For many applications, however, the location of fasteners prevents the user from directly aligning the bit holder with the fastener. This limitation impedes the ability of the user to apply maximum torque to the fastener, and increases wear on both the fastener and the interchangeable bit. In order to overcome this problem, hand tools have been designed that have working ends displaceable or pivotable away from the longitudinal axis of the shank of the tool.

U.S. Pat. No. 2,773,529 (Valenti) discloses a screwdriver having a pivotable tool bit part which allows it to be pivoted to a right angle to the screwdriver shank by the rotation of a clamp member which manually holds the tool bit part in alignment with the shank.

U.S. Pat.
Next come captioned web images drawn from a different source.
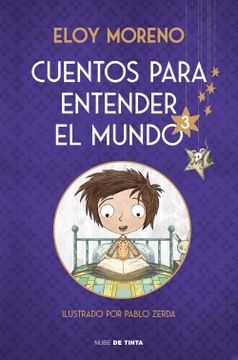 portada Cuentos Para Entender El Mundo 3 (Edición Ilustrada Con Contenido Extra) / Stori Es to Understand the World, 3 (Ill. Edition) (in Spanish)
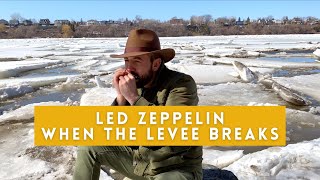 Video thumbnail of "When The Levee Breaks - Led Zeppelin // INSTRUMENTAL Arrangement"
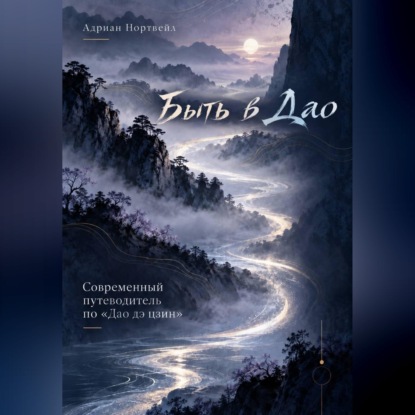 Аудиокнига «Быть в Дао. Современный путеводитель по «Дао дэ цзин»», Адриан Нортвейл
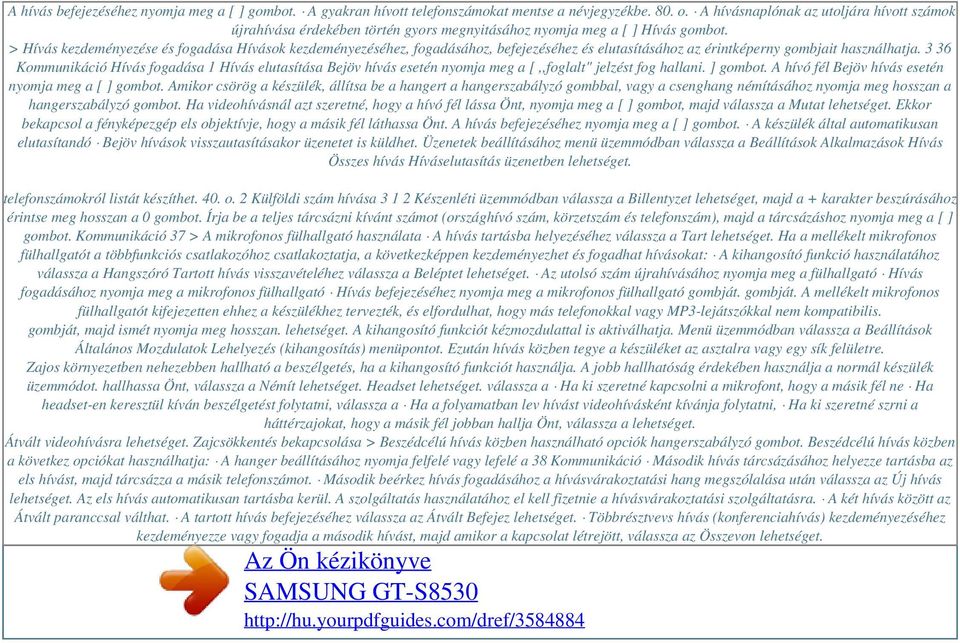 > Hívás kezdeményezése és fogadása Hívások kezdeményezéséhez, fogadásához, befejezéséhez és elutasításához az érintképerny gombjait használhatja.
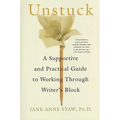 Unstuck: A Supportive and Practical Guide to Working Through Writer's Block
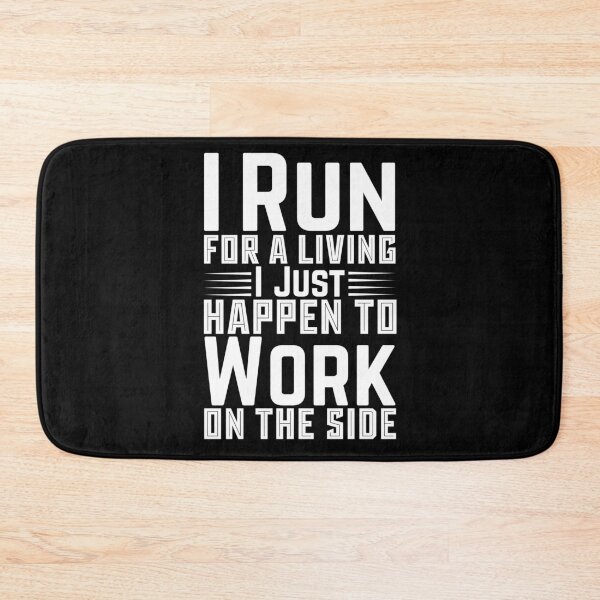 Item preview, I Run For A Living I Just Happen To Work On The Side designed and sold by LarrysDesigns.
No. 4,271,731 (Suligoy et al.) discloses a socket member pivotally attached to a shaft by means of pivot pins. The socket member includes a socket cavity having a conventional polygonal or ribbed cross-section to receive the correspondingly cross-sectioned shank end of a bit. In one embodiment, an elongated collar is provided to retain the socket member in axial alignment with the shaft.

U.S. Pat. Nos. 4,711,145 (Inoue); 5,042,332 (Nickipuck); and 5,577,426 (Eggert et al.) each teach fastener-driver constructions having an angularly-displaceable component.

These embodiments, however, locate the pivot point of the bit relative to the bit holder too far behind the working end of the bit. The misalignment requires eccentric rotation of the bit, resulting in excessive wear on both the working end of the bit and the fastener.

U.S. Pat. No. 2,667,194 (Fisher et al.) discloses interchangeable bits that are retained in the bit holder by a snap ring. The square bit receiving socket has a somewhat larger cross section than the square portion of the bit. The resulting clearance permits the bit to “float” in the socket so that the components may be out of axial alignment and still provide proper driving of the bit and proper fit of the bit point with the screw. Fisher discloses clearances in the range of about 0.005 inches to about 0.010 inches, corresponding to an angular displacement of the bit in the socket of less than about 3 degrees. Large axial forces along the longitudinal axis of the bit and the bit holder drive the flat end of the bit into the base of the receiving socket, inhibiting angular displacement.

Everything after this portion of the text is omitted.